EXERCISE AIM → Return every line of the data below exactly, but do not include the images.

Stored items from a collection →

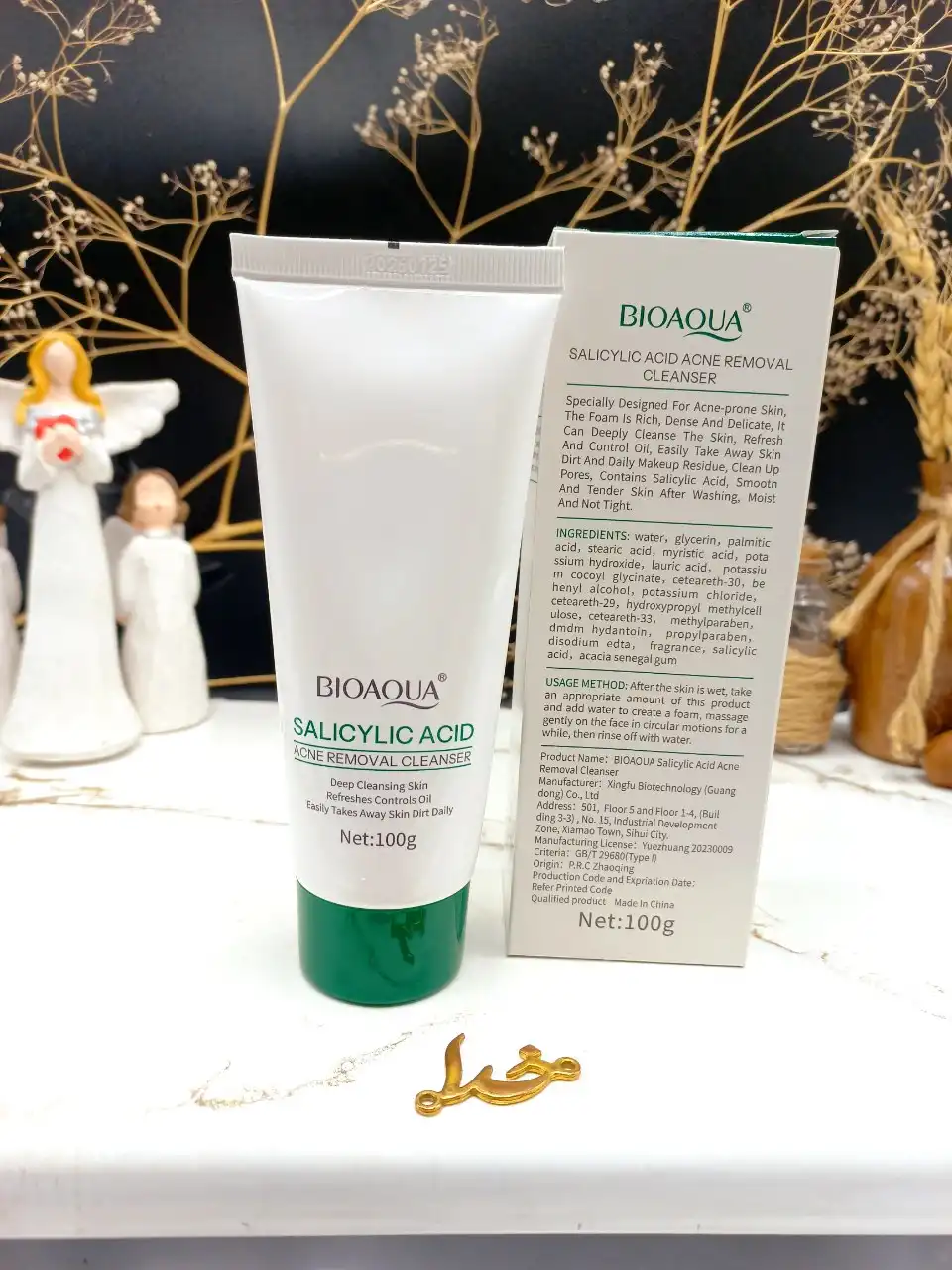 فوم شستشوی صورت ضد جوش سالیسیلیک اسید برند بیوآکوا BIOAQUA کد BQY56297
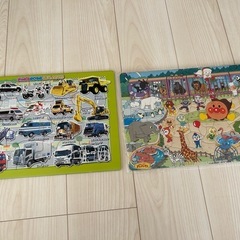 キッズ向け　パズル　4点セットの画像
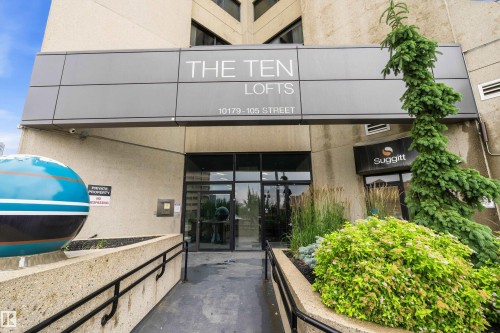 #908 10179 105 St Nw, Edmonton, AB - Outdoor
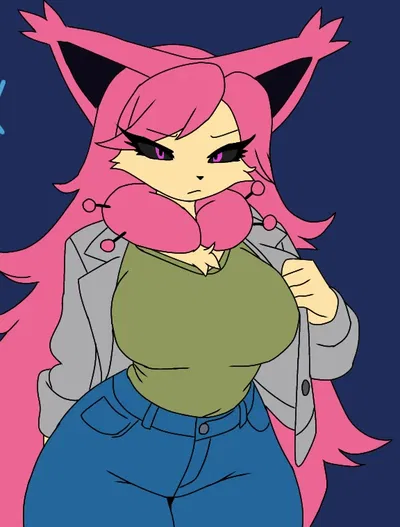 Anthro Delcatty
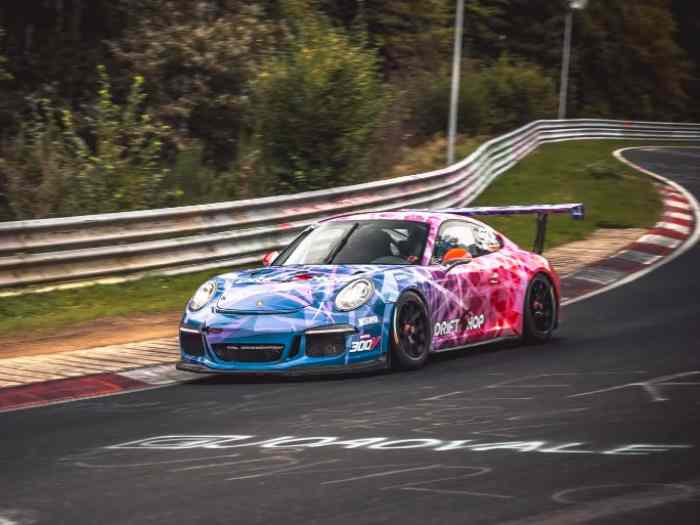 Porsche 991.1 GT3 Cup 27.000 km (2016) 0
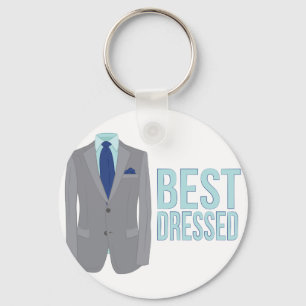 Best Dressed Keychain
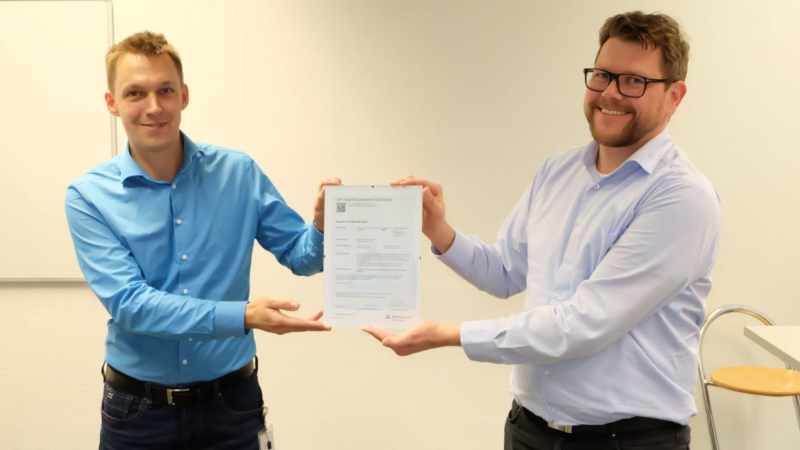 TÜV Rheinland stellt UKCA-Zertifikat für Schmersal aus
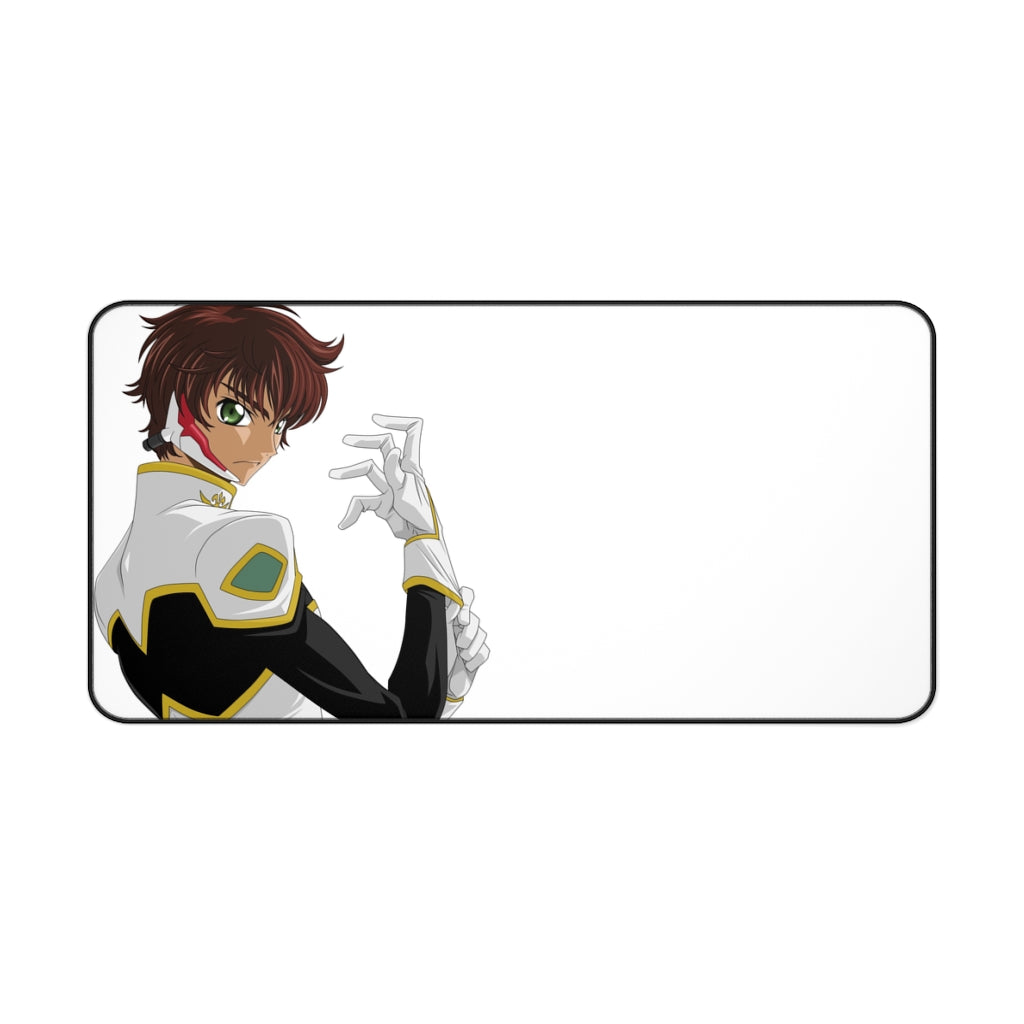 Code Geass Suzaku Kururugi Mouse Pad (Desk Mat)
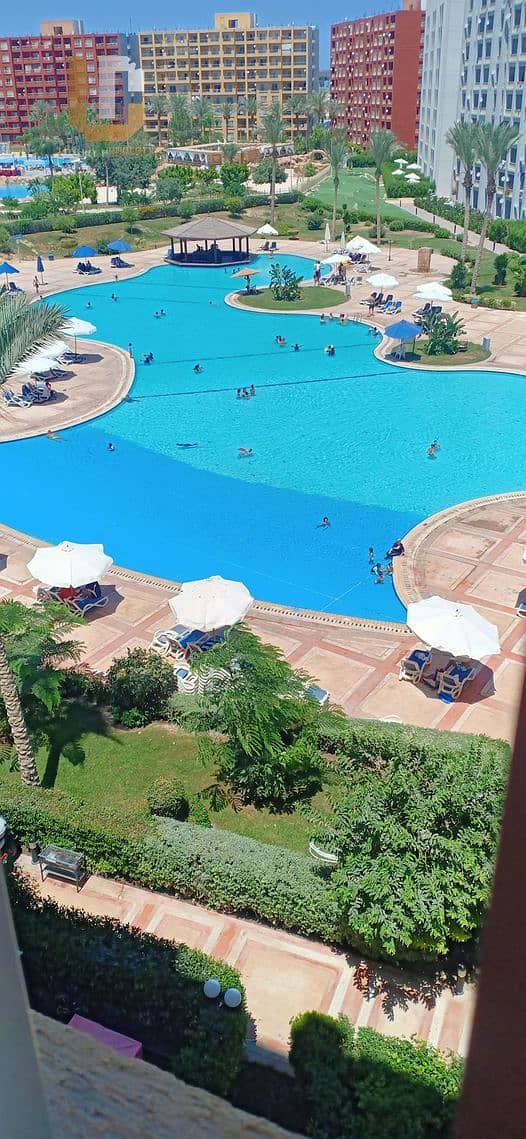 شالية للبيع جولف بورتو مارينا الساحل الشمالي  فيو لاجون وملاعب الجولف ريسيل بأقل سعر Resale Porto Golf Marina 7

TASK SOLUTION →
 فوم شستشوی صورت ضد جوش سالیسیلیک اسید برند بیوآکوا BIOAQUA کد BQY56297
 キッズ向け　パズル　4点セットの画像
 #908 10179 105 St Nw, Edmonton, AB - Outdoor
 Anthro Delcatty
 Porsche 991.1 GT3 Cup 27.000 km (2016) 0
 Best Dressed Keychain
 TÜV Rheinland stellt UKCA-Zertifikat für Schmersal aus
 Code Geass Suzaku Kururugi Mouse Pad (Desk Mat)
 شالية للبيع جولف بورتو مارينا الساحل الشمالي  فيو لاجون وملاعب الجولف ريسيل بأقل سعر Resale Porto Golf Marina 7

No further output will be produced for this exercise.